What you will do: The records underneath are to be repeated exactly, with the pictures left out.

Stored items
^^^^^^^^

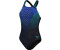 Speedo Digital Placement Medalist (8-003055) black/chroma blue/aquarium/miami lilac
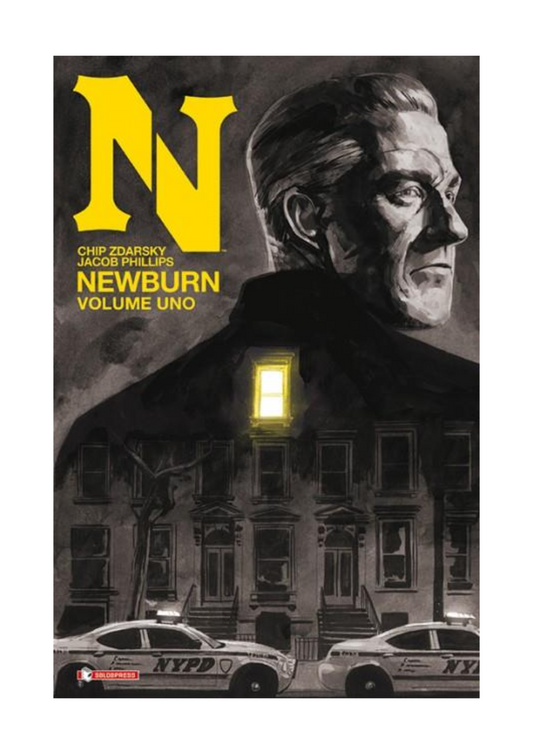 NEWBURN - VOLUME 1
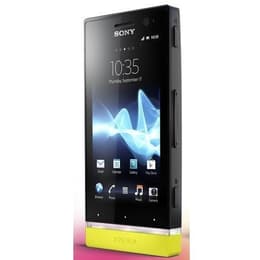 Sony Xperia U 8GB - Geel - Simlockvrij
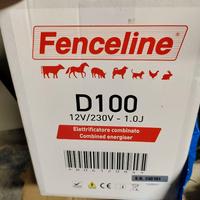 Fenceline D100 - usato poco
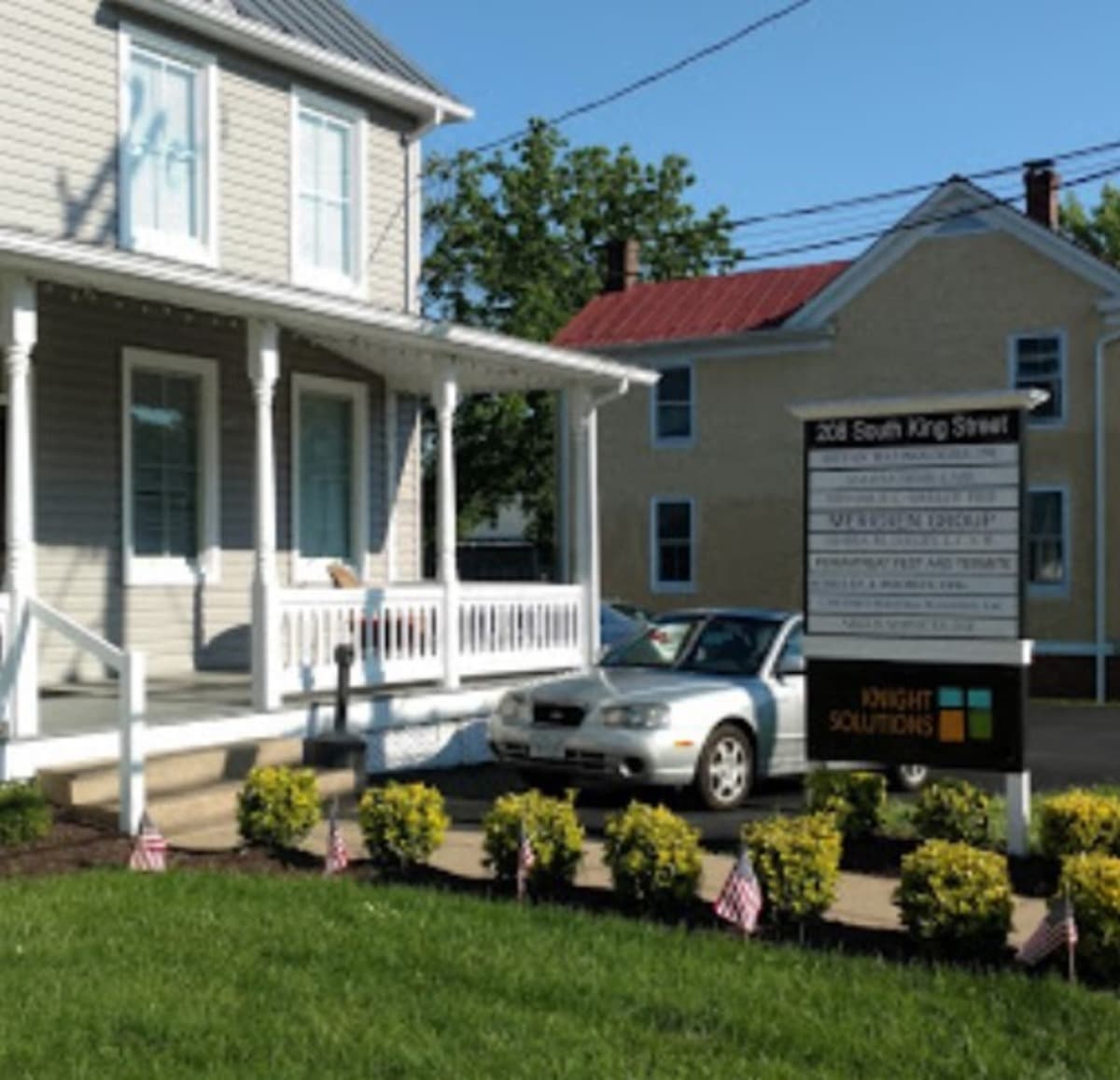 New Concept Bringing Upscale Dining to Leesburg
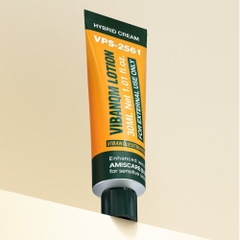 VQM VIBANQM Hybrid Lotion 30ml – Lotion nâng tông hỗ trợ làm dịu và củng cố hàng rào da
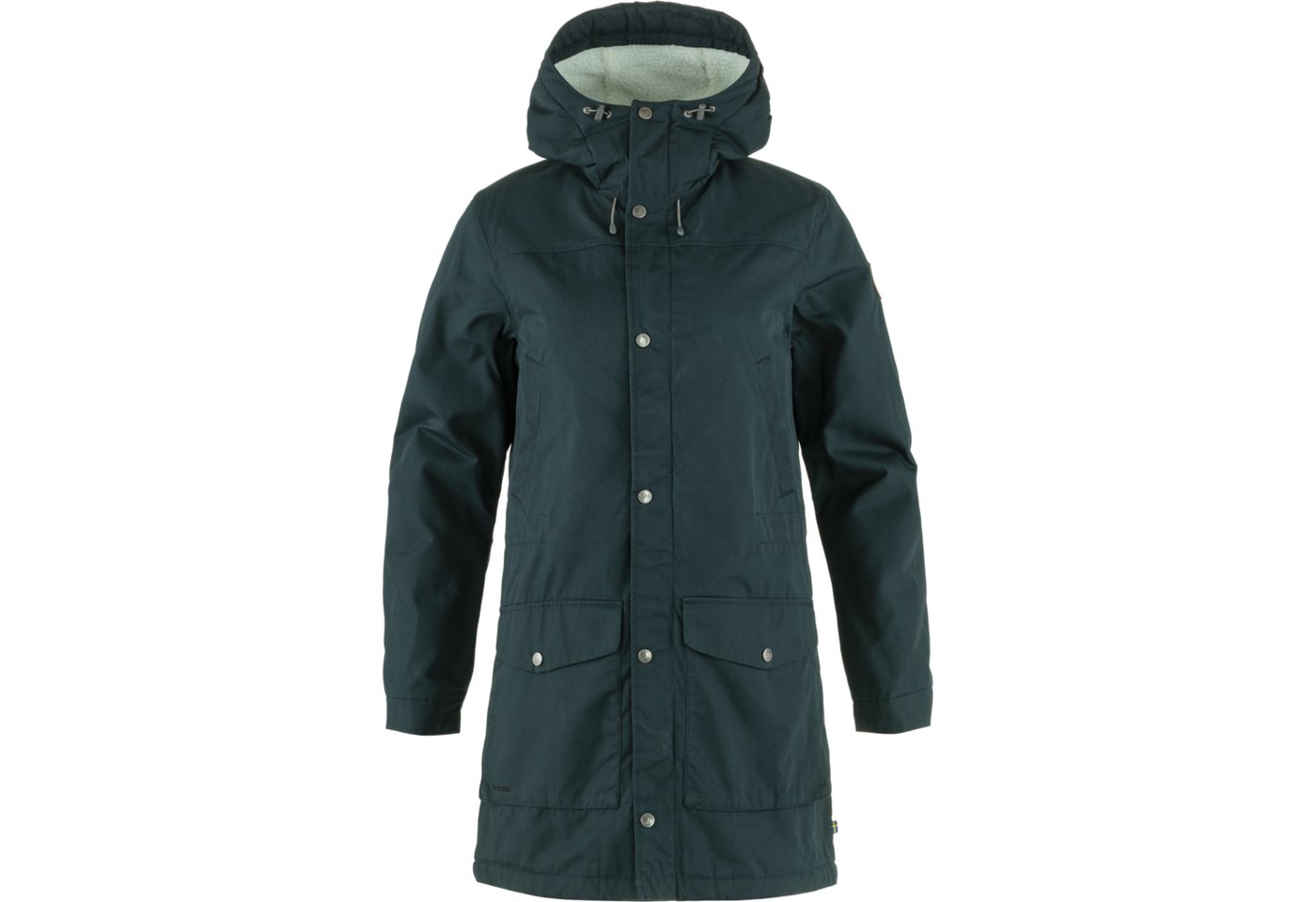 Fjällräven Parka Fjäll Räven Damen Greenland Winter Parka von Fjällräven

^^^^^^^^

Result:
 Speedo Digital Placement Medalist (8-003055) black/chroma blue/aquarium/miami lilac
 NEWBURN - VOLUME 1
 Sony Xperia U 8GB - Geel - Simlockvrij
 Fenceline D100 - usato poco
 New Concept Bringing Upscale Dining to Leesburg
 VQM VIBANQM Hybrid Lotion 30ml – Lotion nâng tông hỗ trợ làm dịu và củng cố hàng rào da
 Fjällräven Parka Fjäll Räven Damen Greenland Winter Parka von Fjällräven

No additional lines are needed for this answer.